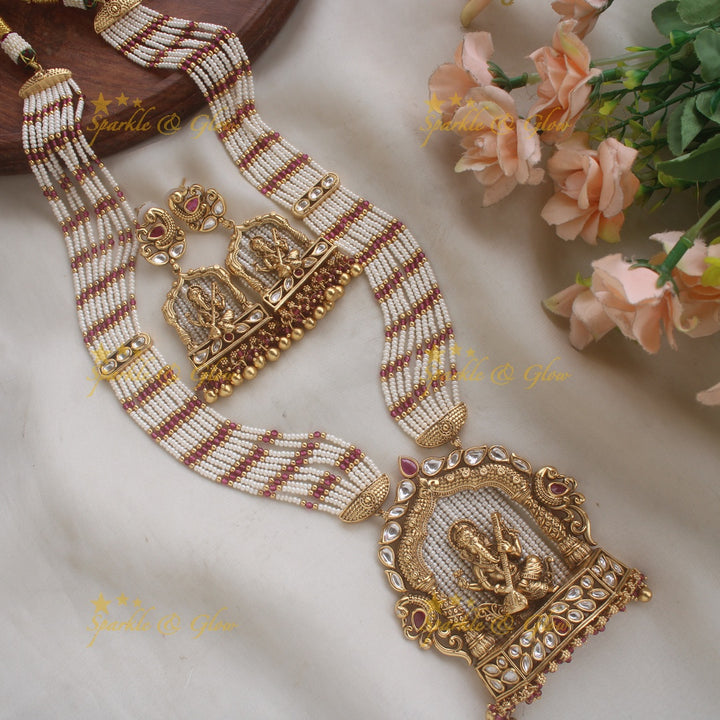 Exclusive Ganesha carved pendant haram with kundan stones and multi layer pearl and gold beads chain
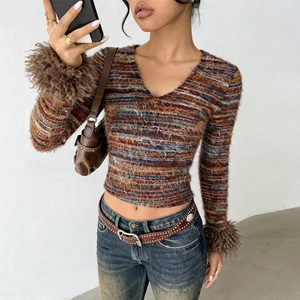 Detail of V-neck crop top with colorful stripes and brown faux fur cuffs for women
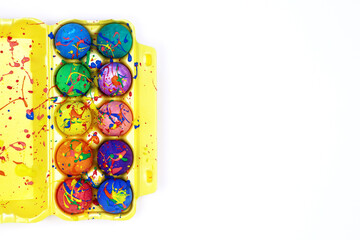 Fototapeta na wymiar Colorful Easter eggs painted with gouache in yellow egg box isolated on white background, top view copy space 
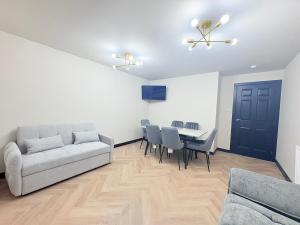 a living room with a couch and a table at F1 2BR Free Parking Walk Dist CityC in Glasgow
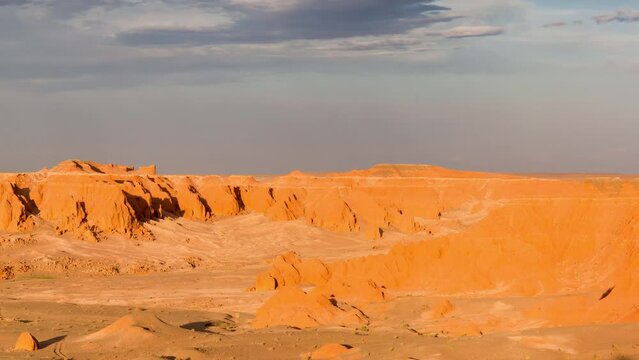 Bayanzag Flaming Cliffs, Mongolia, Omnogovi province, Gobi desert, panoramic view at sunset under a stormy sky, while tourists, with rental russian minibus, have dinner in front of their tents
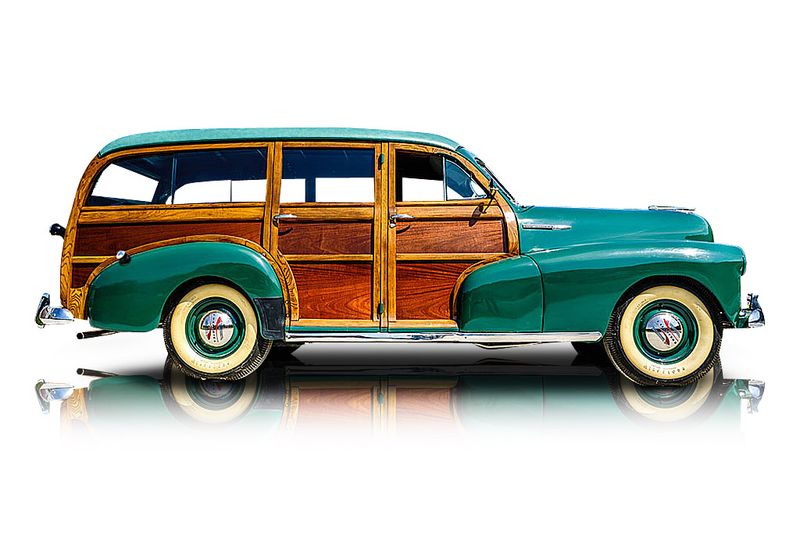 An incredible side shot photo of aPlymouth Deluxe PE Model that you should buy.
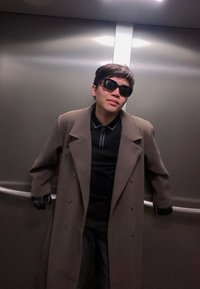 Person i en brun dubbelknäppt rock, bärande svarta handskar och mörka solglasögon, lutar sig avslappnat mot en metallisk hissvägg.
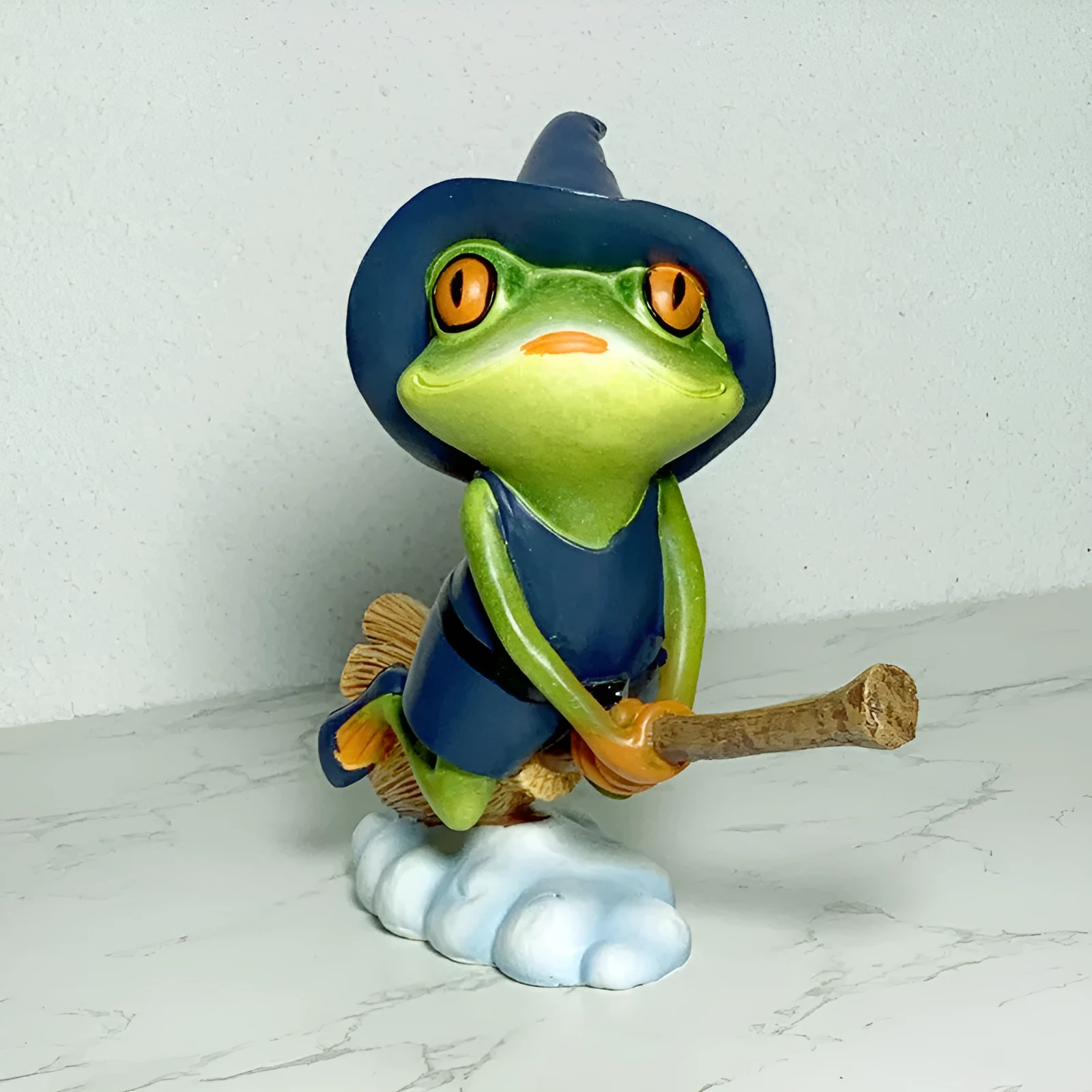 European style Magic Yoga Frog ornament in RDW123 colour on a shelf.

_What the task requires_: The lines to retype run from the one containing "An incredible side" through the last line of the records above; write them exactly and skip the pictures.

_Task answer_:
 An incredible side shot photo of aPlymouth Deluxe PE Model that you should buy.
 Person i en brun dubbelknäppt rock, bärande svarta handskar och mörka solglasögon, lutar sig avslappnat mot en metallisk hissvägg.
 European style Magic Yoga Frog ornament in RDW123 colour on a shelf.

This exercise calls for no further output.